Task:
After locating the line with "Sale of ground", repeat it and every following line to the end of the listing, exactly. Omit the pictures.

Input START

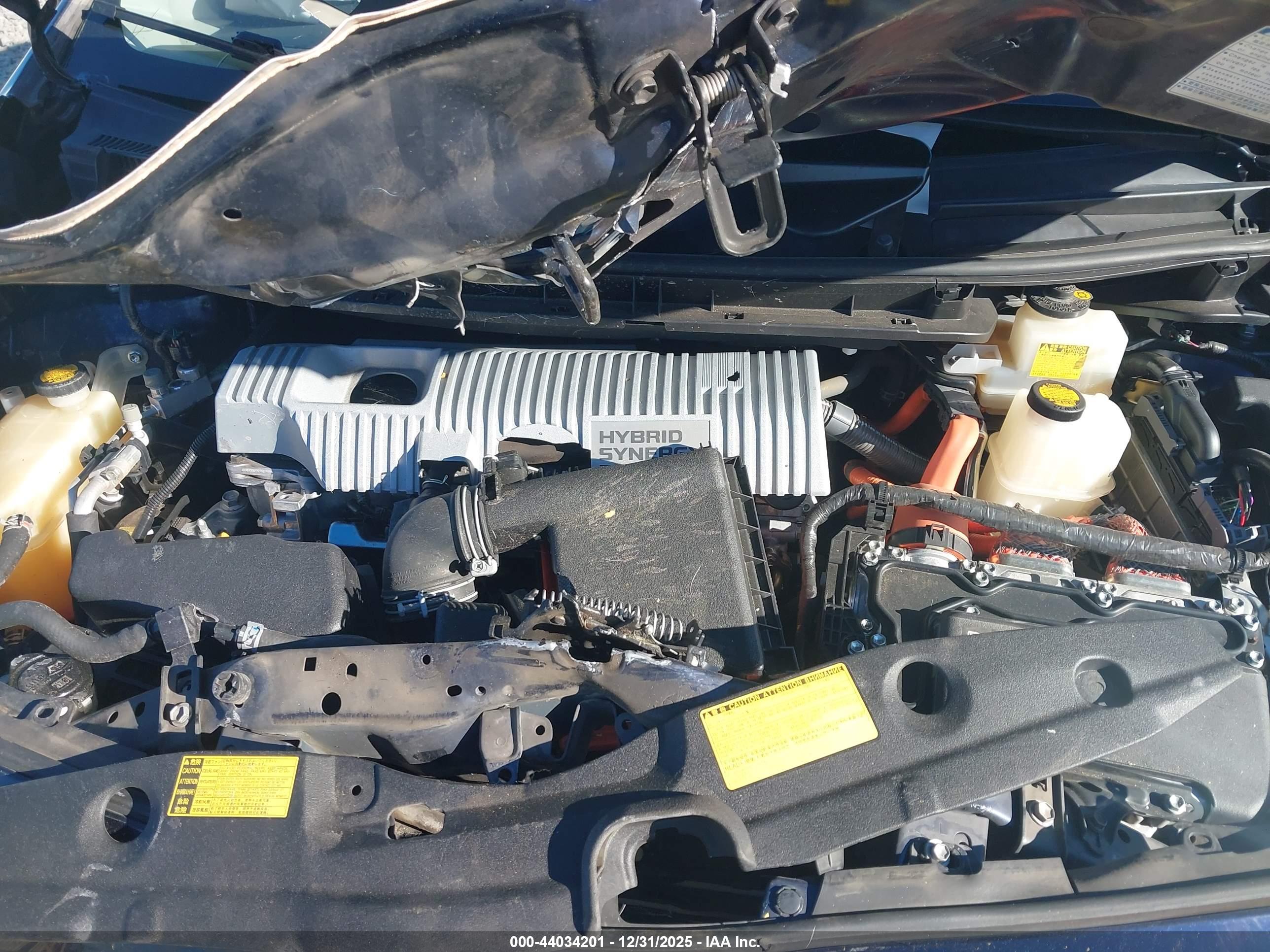 TOYOTA PRIUS image 10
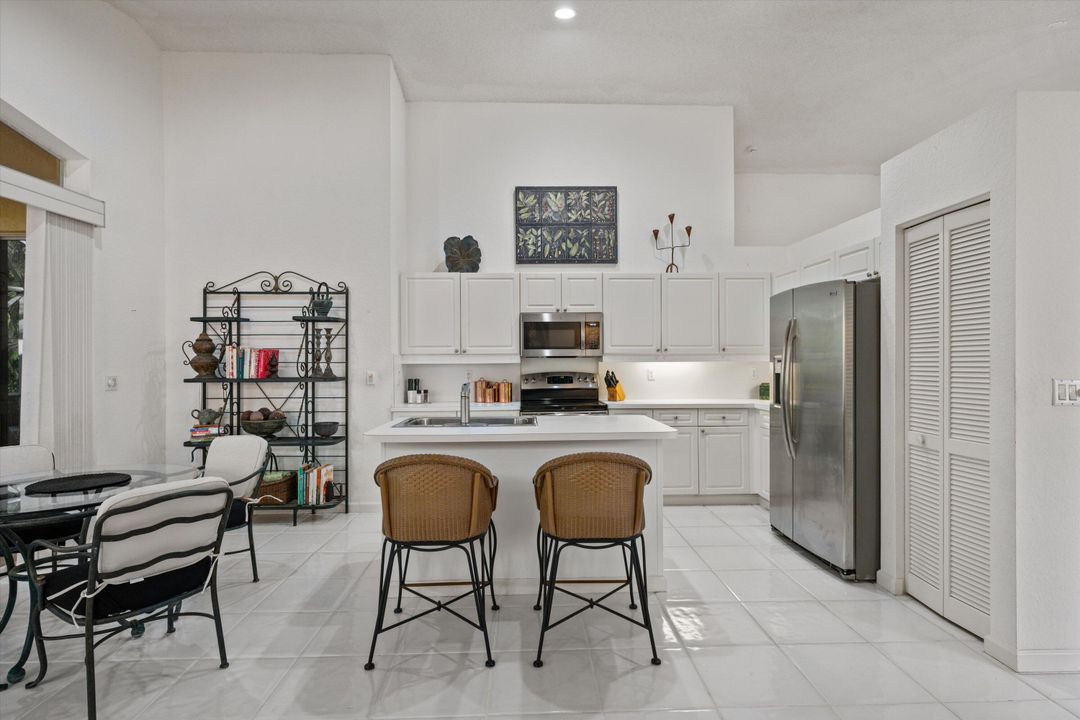 For Rent: $9,500 (3 beds, 2 baths, 2192 Square Feet)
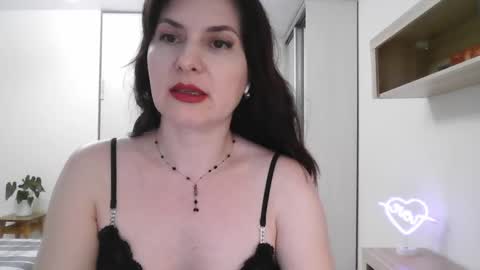 Snapshot of lavender_victoria chatting on March 6, 2025, 10:15 pm Diana online show from March 6, 2025, 10:15 pm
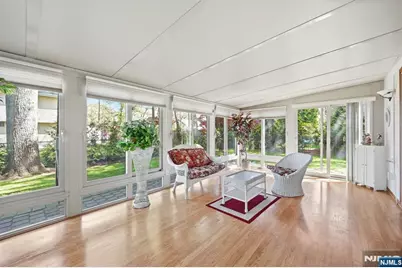 27 Pennsylvania Avenue, Montvale, NJ 07645 - Photo 20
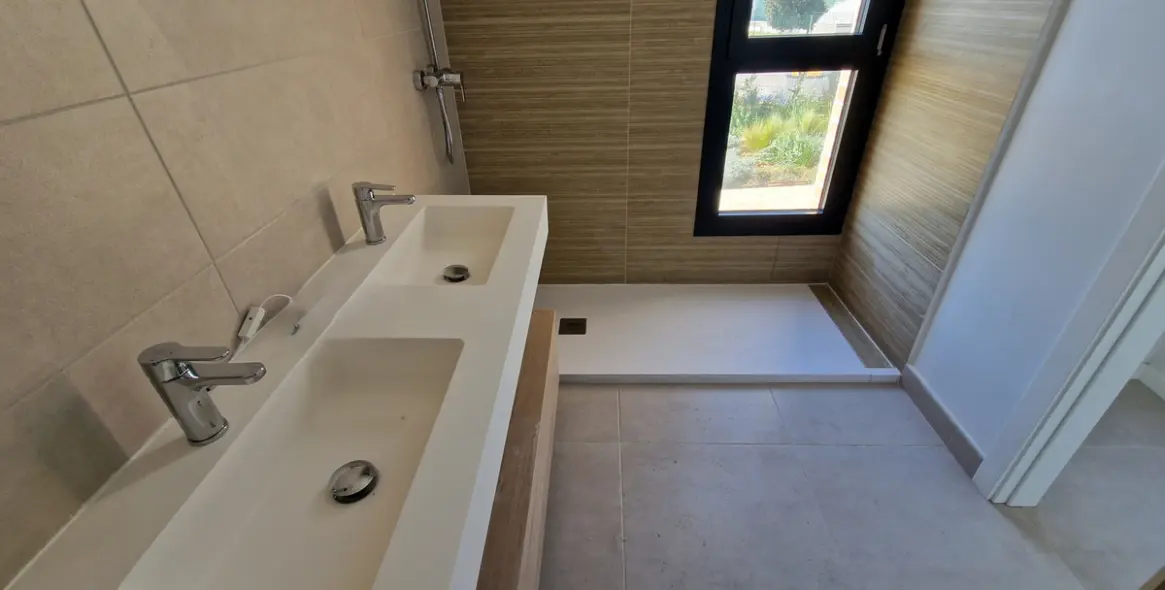 Sale of ground floor apartment in Estepona 12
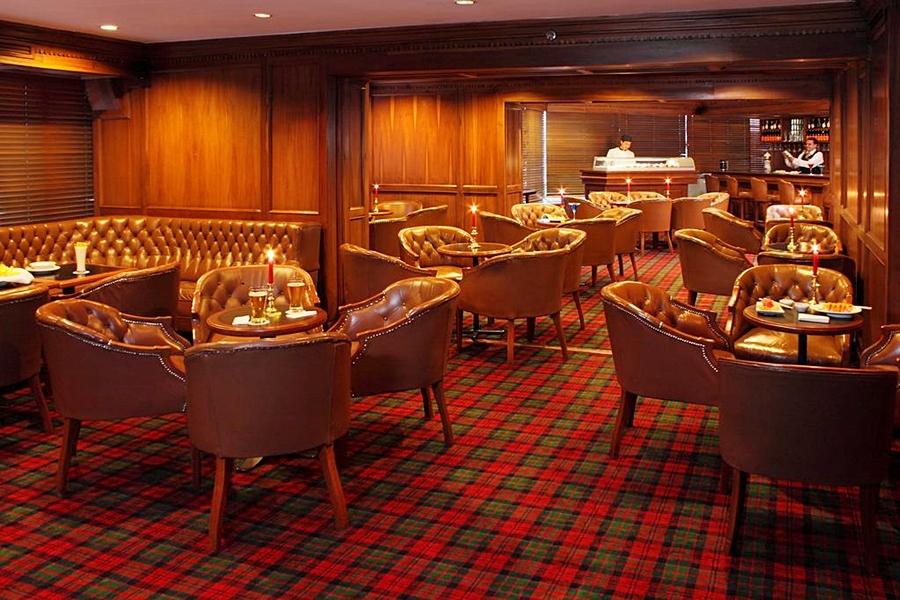 Hotel Estelar La Fontana Bogota Bagian luar foto The interior of the bar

Input END

Task output:
 Sale of ground floor apartment in Estepona 12
 Hotel Estelar La Fontana Bogota Bagian luar foto The interior of the bar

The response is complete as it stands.